Thursday, February 4, 2021

Strife

 I don't deal with strife well. I was conditioned that it didn't affect me. I was not allowed to show fear or weakness except when it suited the mood of my narcissistic mother who wanted a doll that reacted as she wished. Crazy thing is as a child, I didn't know any better and had no skills to cope or means of escape, so I believed them. I believed I had no fear even though terrified. That I was not sad, though crushed in heart. I lived this way long into adult life where they kept up the manipulation. By that point a mere look or word could trigger emotional shutdown.

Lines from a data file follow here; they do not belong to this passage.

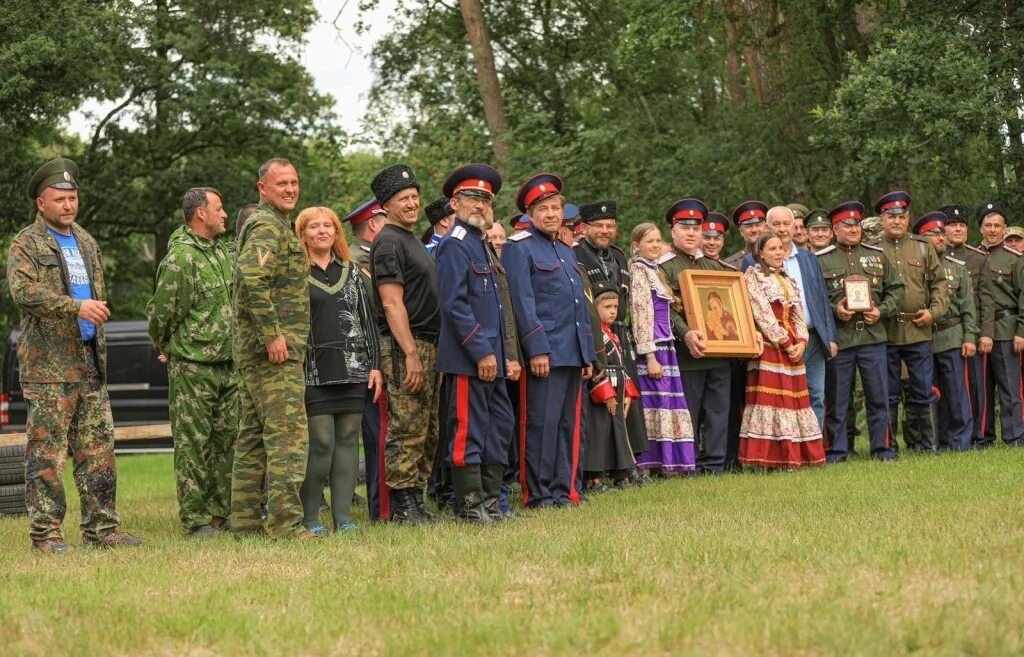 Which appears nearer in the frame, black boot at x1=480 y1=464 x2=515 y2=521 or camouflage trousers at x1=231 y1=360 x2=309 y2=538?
camouflage trousers at x1=231 y1=360 x2=309 y2=538

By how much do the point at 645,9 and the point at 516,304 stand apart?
41.6 ft

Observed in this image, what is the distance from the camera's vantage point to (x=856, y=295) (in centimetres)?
1260

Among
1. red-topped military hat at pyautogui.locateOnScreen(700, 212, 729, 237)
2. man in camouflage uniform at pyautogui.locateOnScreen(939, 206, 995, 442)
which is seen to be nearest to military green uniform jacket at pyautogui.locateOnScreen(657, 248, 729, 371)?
red-topped military hat at pyautogui.locateOnScreen(700, 212, 729, 237)

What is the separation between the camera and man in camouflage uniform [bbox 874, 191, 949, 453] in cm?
1303

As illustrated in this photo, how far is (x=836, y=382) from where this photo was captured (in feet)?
42.3

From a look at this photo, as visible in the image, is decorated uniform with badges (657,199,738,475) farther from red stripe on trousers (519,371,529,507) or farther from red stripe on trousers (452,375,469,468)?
red stripe on trousers (452,375,469,468)

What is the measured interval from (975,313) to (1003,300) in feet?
1.38

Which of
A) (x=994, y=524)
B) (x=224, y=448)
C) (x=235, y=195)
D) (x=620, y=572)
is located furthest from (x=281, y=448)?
(x=235, y=195)

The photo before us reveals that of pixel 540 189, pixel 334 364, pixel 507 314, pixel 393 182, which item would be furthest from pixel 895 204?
pixel 334 364

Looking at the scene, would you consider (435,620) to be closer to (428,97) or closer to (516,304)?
(516,304)

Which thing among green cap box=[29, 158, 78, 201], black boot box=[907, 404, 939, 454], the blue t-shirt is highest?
green cap box=[29, 158, 78, 201]

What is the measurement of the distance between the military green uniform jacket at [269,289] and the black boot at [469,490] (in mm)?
1362

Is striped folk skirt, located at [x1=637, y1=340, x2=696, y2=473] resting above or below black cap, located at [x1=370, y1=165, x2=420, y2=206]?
below

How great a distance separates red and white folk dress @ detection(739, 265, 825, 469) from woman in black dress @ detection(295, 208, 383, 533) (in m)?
4.42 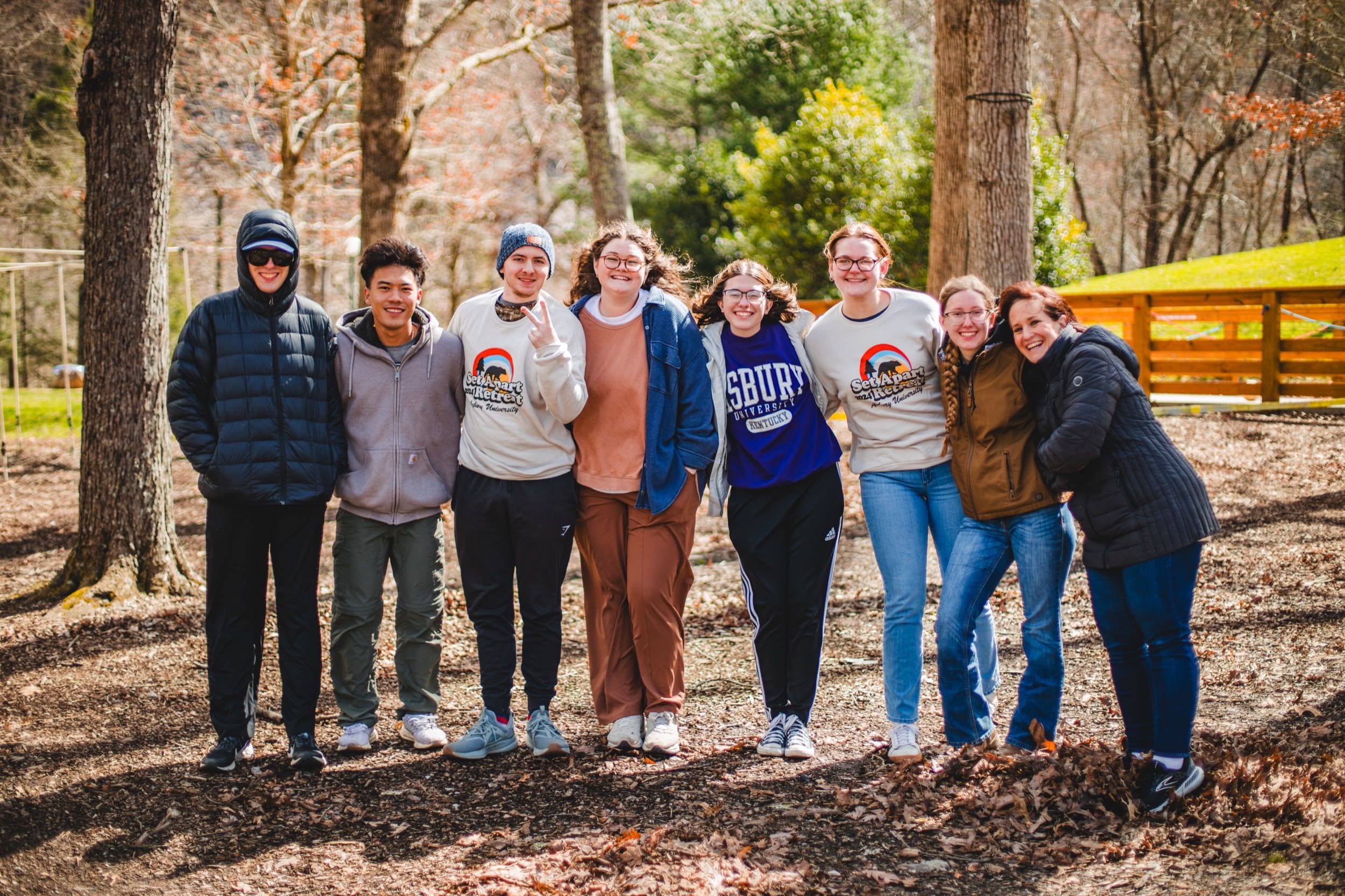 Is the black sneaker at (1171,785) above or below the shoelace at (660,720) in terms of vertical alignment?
above

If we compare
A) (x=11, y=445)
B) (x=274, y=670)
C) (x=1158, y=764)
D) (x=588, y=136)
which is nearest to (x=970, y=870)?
(x=1158, y=764)

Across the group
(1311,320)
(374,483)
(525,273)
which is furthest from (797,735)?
(1311,320)

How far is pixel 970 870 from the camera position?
3.24 m

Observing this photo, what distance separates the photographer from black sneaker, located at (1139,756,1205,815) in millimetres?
3449

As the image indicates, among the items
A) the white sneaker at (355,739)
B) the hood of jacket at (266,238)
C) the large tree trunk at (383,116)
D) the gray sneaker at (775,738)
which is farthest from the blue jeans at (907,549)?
the large tree trunk at (383,116)

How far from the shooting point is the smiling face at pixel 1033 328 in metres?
3.66

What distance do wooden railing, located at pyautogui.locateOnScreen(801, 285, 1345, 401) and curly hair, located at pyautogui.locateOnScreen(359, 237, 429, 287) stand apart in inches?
411

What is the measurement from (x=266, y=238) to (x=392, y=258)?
0.47 meters

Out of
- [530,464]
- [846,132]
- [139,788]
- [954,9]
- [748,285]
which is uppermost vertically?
[846,132]

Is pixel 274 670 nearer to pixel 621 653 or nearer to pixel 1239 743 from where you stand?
pixel 621 653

But those feelings will out. They won't be denied and I have the constant effects of them in my body and brain.

So now, I am working to heal what may be healed but told not to expect it to all go away. In the meantime, strife is not simply an annoyance for me. It's a physical ailment. I get physically sick. I lose ability to focus. My brain ramps into hyper survival mode and won't stop looking for a way out, a moment of safety, an early sign of threat.

And because it's so much a life threatening response, I also get dangerous. I feel the rage and the hair trigger is set to go off at the slightest provocation. Please hear me, that what you might think is minor rudeness could result in your death. I have many defenses and safeguards to prevent this, but most of them are unhealthy. But thank God, I have not harmed anyone much. This aspect developed from failure of responsible adults and friends to recognize what was happening and, like Ender, leaving me to learn no help was coming.

The terrible sad thing is, I am more naturally a gentle person. Easily hurt, accomodating, slow to hold a grudge.

They are both true, and both me. Fractured by the abuse. So while you may not see the fight or understand the struggle, please realize that kindness will abate the problem.

Yes, I know it's my problem. But I didn't choose it either. And we'll both end up bloody if you insist on being an ass.

Likewise, I can't bear your burdens. Mine are already too heavy. Strangely, it's the ones with the least to carry that always seem so intent on dumping theirs on other people. Perhaps that's not fair. I don't know what you carry and you may be equally damaged and coping by seeking sympathy. But I'm not the one to give it and as I move toward integration, and these parts of me are closer to the surface, the chances of you getting the fangs instead of the hug increase.

Don't get me wrong, I want to help my friends. I want to carry your weight when you can't. But I need you to carry mine and you probably haven't paid any attention to how heavy mine is the whole time.

I don't know where this is going except to stand for kindness again. If we each just try to be nice and considerate, it goes so far. I'm telling you first hand, sometimes the simplest kindess has literally saved a life...and I don't mean just physically. Salvation of a soul can come through a gentle word and kind action.